The cradle of Islamic capitalism was in the main of the Islamic world. In the early Middle Ages, Baghdad was the commercial metropolis and exerted a marked influence over the whole of Islamic big business. As mentioned earlier, commercial ship navigation also contributed to Baghdad’s wealth. The Euphrates was connected with the Tigris by several navigable canals, of which Nahir ‘Isa terminated at Baghdad (Hourani, Arab Seafaring, 64).

With the tenth century, however, the weight of Islamic commerce was gradually shifted to sailing from Iraq and the Persian Gulf to Egypt, the Red Sea, and the harbor of the Arabian Peninsula on the Indian Ocean. Cairo became the leading city (Labib, “Capitalism,” 81).

Thus, maritime activities contributed to local wealth, but not as much as camel caravans. For example, Siraf, on the coast of Iran, south of Shiraz, like Aden in Arabia was hot and barren and lived on supplies brought by sea; its existence was due entirely to its sea commerce (Hourani, Arab Seafaring, 69). Camels were unable to carry extremely heavy loads such as logs and large grain shipments, and merchants had to rely on ships for this type of transportation. Typical merchandise carried by camels was commodities such as wool, cotton fabrics, tea, spices, myrrh, incense, and occasionally opium. 

Mecca was the last of the great caravan cities. It probably began as a tribal shrine, with perhaps a surrounding encampment. Mecca produced nothing; it consumed only negligible quantities of the incense and spices that were a staple of the trade; and there was no natural resource such as a river to require transshipment (Bulliet, The Camel and the Wheel, 105). The main caravans, one in the summer and one in the winter, were communal undertakings in which all the tribes took part. Mecca and Medina were not only the holy places of Islam, but also the cradle of its culture, its business, and its government (Labib, “Capitalism,” 79).

Innovation and keeping up with new developments are part of human nature. Although the obsession with technology might be considered “modern,” it is not really. The ancients invented many things such as the stirrup, ships, and Greek flame throwers, and undoubtedly took pride in being up-to-date and to use a twentieth century word “competitive” with the latest technology. 

On the other hand, the reversion of the Middle East to the “technology” of the camel as a prime means of transport instead of the seemingly more advanced wheeled carts was an anomaly, driven, as has been shown, by practicality and cost. It can be argued that the geography of the area was also a consideration, as it impacts distance and accessibility, commonly the most basic considerations affecting transportation costs.

But things change with time. The trans-Saharan caravans of up to 24,000 camels, covering distances of several thousand kilometers, finally seemed to come to an end at the beginning of the 20th century. There were many reasons, all connected with the growing influence of the European powers in the north and west (Weiss et al., The Bazaar, 31).

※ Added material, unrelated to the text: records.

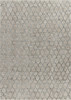 8' x 10' Beige Moroccan Stain Resistant Area Rug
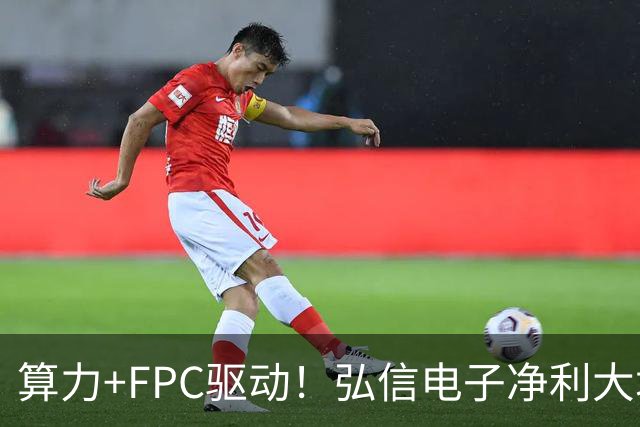 算力+FPC驱动！弘信电子净利大增139%，股价较年内高点回撤超40%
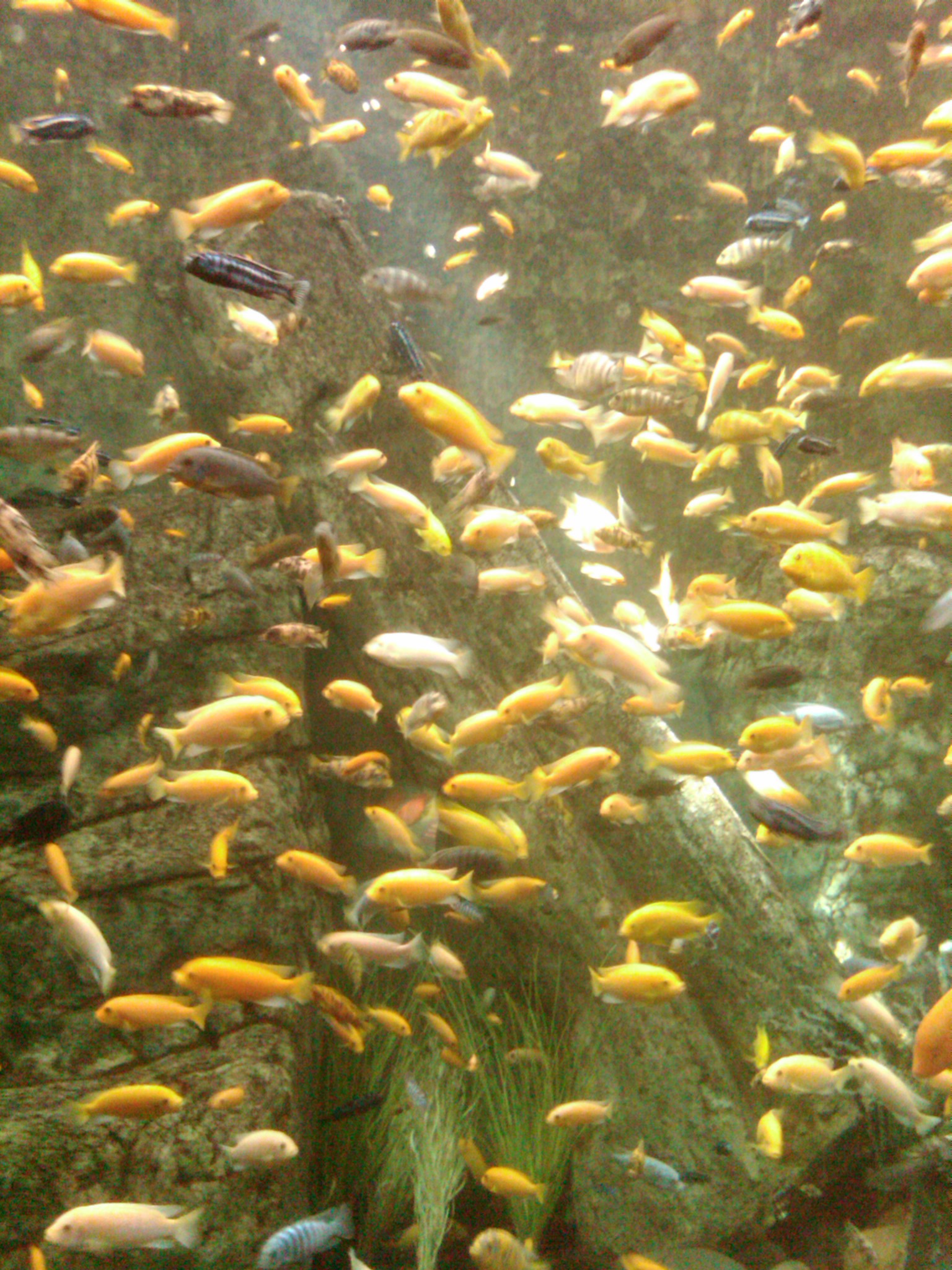 Peces dorados.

The system was seriously endangered by the catastrophic drought there in the late 1960s and when rainfall was at a record low in the beginning of the 1980s, salt caravans were stopped the government replaced them with trucks. An age-old tradition had finally died out or so it seemed. But in 1986, the old mode of transport was revived, as though it had been brought to a temporary halt by the climate. Once again, the camel had triumphed (Weiss et al., The Bazaar, 31). That camels lasted as long as they did is a testament to the belief that what is “modern” and “technological” is not always the best.